これは、どこかに潜伏しているテロが行ったものではない。
サウジアラビアという国家の軍隊が堂々と行っていることだ。


フランスのテロ事件はあれほど大々的に報道されたのに、
なぜ、サウジアラビアのジェノサイドはこうまで無視されるのだろう?

私の知る限り、きちんと特集を組んで報道したのはイランラジオとスプートニクのみ。
まぁ、探せばロシア・トゥデイやシリアタイムスあたりも書いていそうだが、
少なくとも日本の主要新聞では、そんなことは起きていないかのようにスルーされている。

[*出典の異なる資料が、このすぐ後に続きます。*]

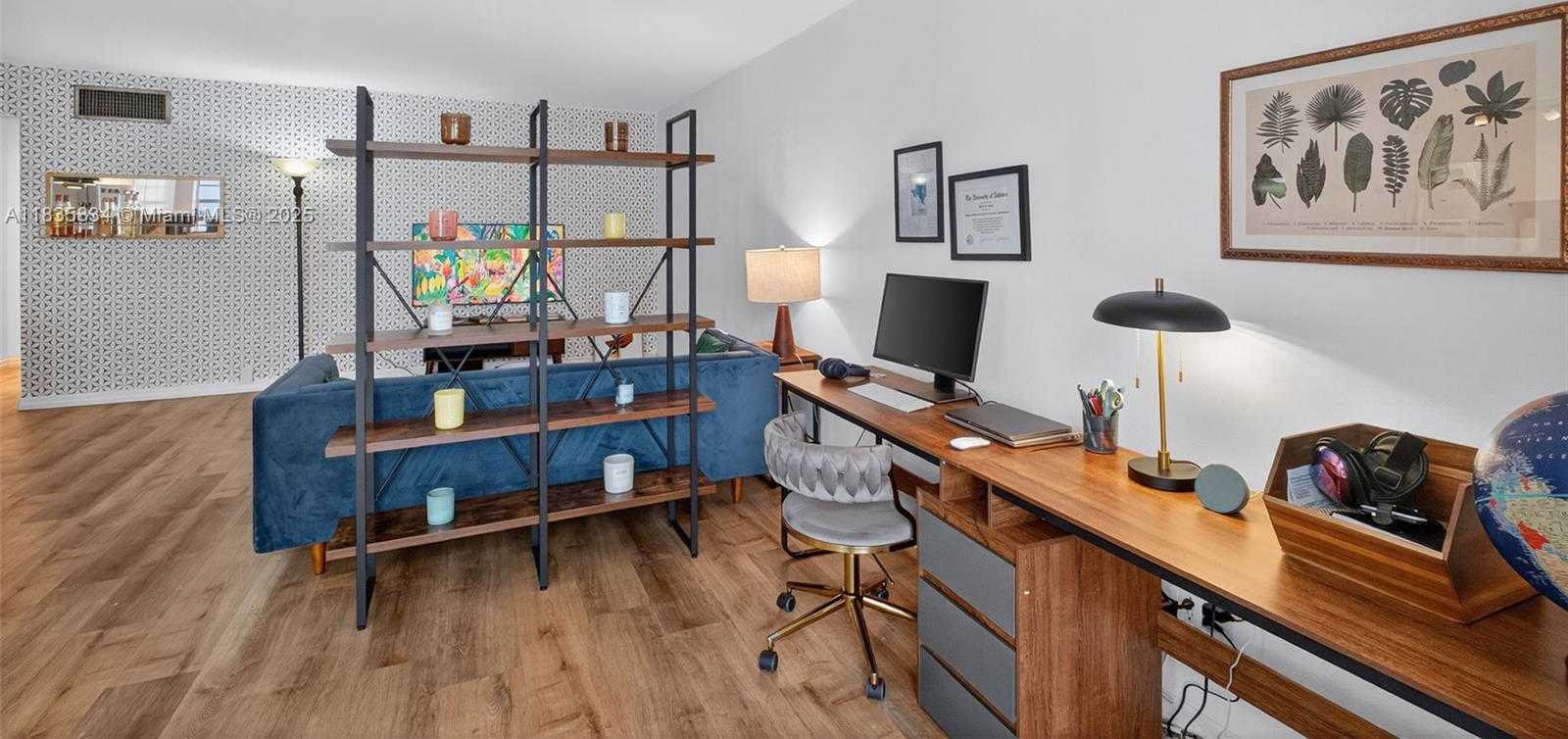 Small Image of 1340 LINCOLN RD #403, Miami Beach Number 11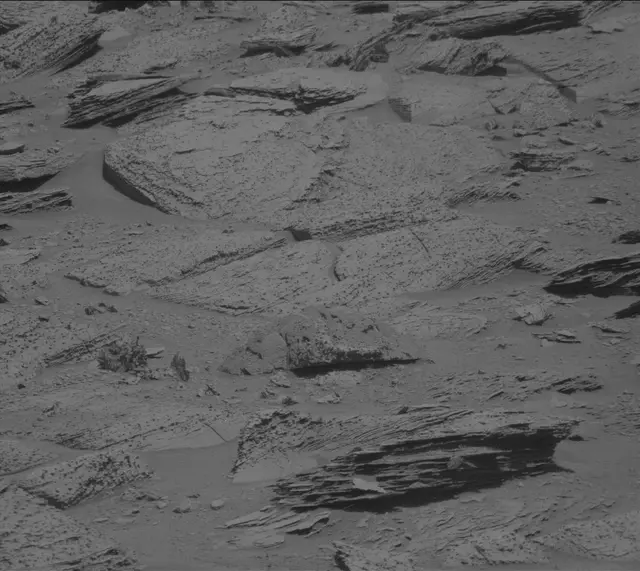 Sol 3898: Mast Camera (Mastcam)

イエメンに住む人間は何人死のうがどうでもいいかのようだ。

こういう事態に対して、国際人権団体アムネスティ・インターナショナルは、
さすがに少しは取り上げているのだが、いわゆる喧嘩両成敗手法を用いており、
よく読むとサウジの虐殺は直接書かれず、国内の武装組織の非難に集中している。

アムネスティは、きちんと調査を行っていると書いているが、
調査をしているのであれば、どうしてサウジの連日の空爆に無頓着なのだろう?

例えば、イランラジオはサウジの空爆でインフラが破壊されたことに触れているが、
アムネスティの場合、「紛争によって」破壊されたと書いている。

主語がぼかされている。

イエメン:サウジアラビアらがクラスター爆弾を使用か

上の記事も一件、サウジを非難しているように思われる。
しかし、冷静に考えれば、冒頭に挙げた事件のように、サウジは今も空爆を続けており、
クラスター爆弾を使おうと使うまいと、現地で人は殺されている。

空爆ではなく、クラスター爆弾使用を責めているこの記事は、
あたかも、ある殺人事件の裁判で、殺人そのものではなく、
凶器が非合法のナイフだったことに検察側が憤っているようなものだ。

仮にクラスター爆弾でなければアムネスティはどう動いたのだろうか?
どういう爆弾を使ったかではなく、数ヶ月以上に続く空爆そのものを非難して欲しい。

この一見、サウジの空爆に触れているようで、実のところ、それほど触れていなかったり、
敵対勢力も同時に非難することで相対的に同国の責任を軽減する手法。どうなのだろう?

韓国でもパククネ政権が警察を動員させてデモ参加者に放水・催涙液を発射し、
29人が負傷、26人が連行され、デモを扇動したとの疑いで国内の労組の家宅捜索が強行された。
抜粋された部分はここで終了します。